Monday, December 7, 2015

Blog Anniversary.

Why Blog?

Its been about a year, 75 posts and 3900 hits since I first started blogging.  So it seems appropriate to step back and ask some bigger questions. First and foremost I write because I enjoy doing so. It helps clarify my thinking and its fun to watch other people across the world read your thoughts. I never thought I would enjoy twiddling around with google analytics or join twitter and tweet about a post a year ago. I still get a thrill every time I see a comment show up on the page. I started this project in the hopes I would document enough of the daily process of how to run a math club that my eventual successor would have a good starting point when I handed it off.  I've been  trying to stay mindful of this and create enough structure through pages like activity map or resources that even as the number of posts rise, someone new will be able to find the topics they need.

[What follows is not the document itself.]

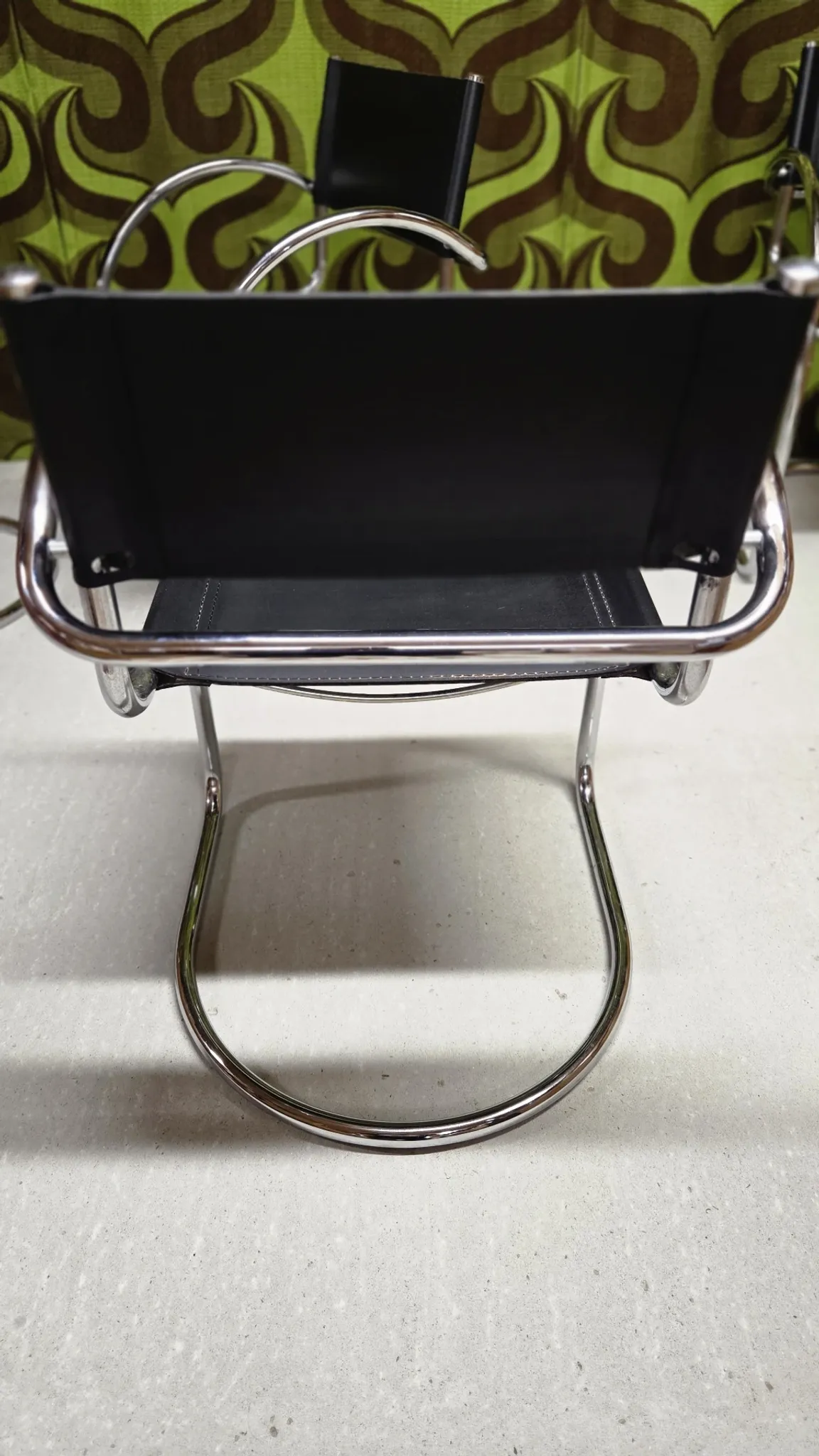 Set of 4 Bauhaus leather armchairs in chrome metal 1970/1980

But its a long ways off until that point and I soon decided its lot more rewarding to interact with real readers rather than a theoretical one a year or two in the future.  So one of my other main goals is that others trying the same process in different schools would also find this site and derive some utility from it.  That still remains largely unrealized but secondarily I want to connect with others in the math world and exchange ideas and learn from each other. To some extent I've made good on that goal and it's definitely part of why I keep writing. Along the ways I've found some really cool people whom I wish could be teacher's for my own kids include @patrick_honner, @henry_picciotto and @mike_lawler.

What I've been up to Recently

Sometimes sessions have a rhythm of their own. This fall seems to be ending up to be about various number theory exercises and centrally the distributive law. I'm working as always hardest to level the days correctly, figure out how to help the kids through the humps and how to bring out their best thinking. 

I think my favorite recent activity was the Pascal's Triangle filler exercise I used after the first Olymiad: first Olympiad. I'm, also fairly please with my first distributive law worksheet. More generally, I've had a lot of success with my problem of the week strategy. I'm looking forward to doing a bit more geometry in the winter session.


  • I was reminded last week of the importance of thinking about how kids might get blocked to prep responsive questions. This was a practice I worked on last spring, that I'm returning to, 
  • I'm always on the lookout for new game, activities to intersperse between problem sets.
  • I'm still developing my ability to foster good mathematical conversations among the students. This is probably my top goal for right now. 
  • As always I want to develop each kids problem solving ability and curiusity about why various mathematical principles work. To paraphrase Arthur Benjamin  the reaction I'm looking for is "Ooh now Why?"